Trent floated for a time in a limpid pool of pleasure, the water cool and soothing where it brushed against his skin. He was drifting, subtle currents dragging him along. The scenery was indistinct, but it felt right somehow, as if he belonged here. He had an impression of lush foliage and tropical fruits, glistening with moisture. The raft or float or whatever device it was that held him had a rough exterior, almost pebbly. It felt divine, putting pressure on all the right spots on his aching back, soothing knots in muscles he hadn’t known were tensed. He felt vaguely as though he should have a drink in his hand, possibly with a little paper umbrella. No sooner had he formed the thought than it became so. He sipped at one of the plethora of straws that sprouted from the glass like aerials on a television studio. A burst of fruit and alcohol flooded his tongue. He smacked his lips. Pineapple, cherries. Peaches? Mangoes?

The waterway began to speed up, flecks of white appearing on an increasingly choppy surface. It was less a pool and more a river now, winding through thick trees. Trent felt something worrying him, something niggling at the back of his mind.
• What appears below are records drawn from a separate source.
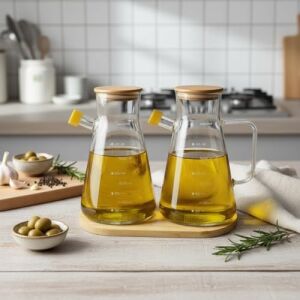 2'li Büyük Boy Şeffaf Cam Yağdanlık Seti - Bambu Kapaklı ve Standlı Elmas Desenli Yağlık Sirkelik (2 x 900 Ml)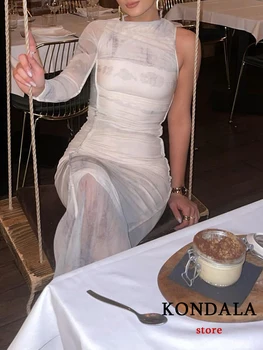 KONDALA Сексуальное облегающее плиссированное Длинное женское платье с галстуком-краской на одно плечо, вечернее платье, мода 2023, Элегантное женское платье с длинным рукавом, Vestidos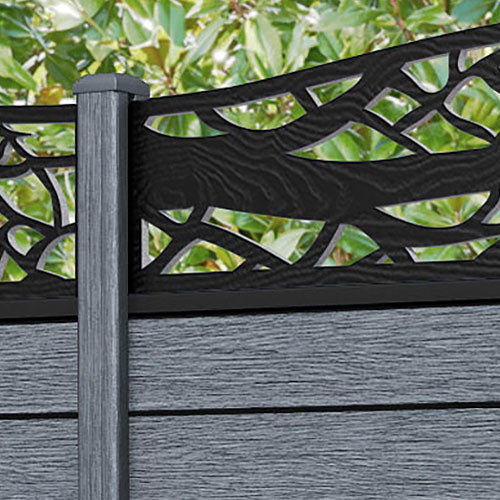 Fusion Twilight Curved Top Fence Panel - Anthracite - with our composite posts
It was something important. He tried to remember it as he took another sip. The medley of flavors washed it out of his mind. Surely he wouldn’t have trouble recalling it if it was so terribly urgent.  He let the water carry him along.

The forest thickened, screening out the sun.  The water was slightly too cool now, without the heat to balance it.  Trent shivered, the first hints of discomfort he could remember feeling. Ever? Surely he’d been uncomfortable before. In another lifetime . . .

The water was rushing along now. Trent gripped the sides of his conveyance to keep his balance. The cold surface, like stone but not, sparked a memory. He looked down, focused on his perch for the first time.

A hand. A concrete hand, webbed with cracks and marked with the grime of the city.

Trent looked forward with sudden dread. The trees parted to reveal the bottom of the swirling cataract. It ended at a cave of pale stone, the water surging forward and disappearing down into a dark hole like a mouth. On the cliff face overhead, there was a suggestion of two shadowed eyes. The great concrete head shifted as Trent neared, looking down on him. The vast mouth curled upward in an unmistakable smile . . .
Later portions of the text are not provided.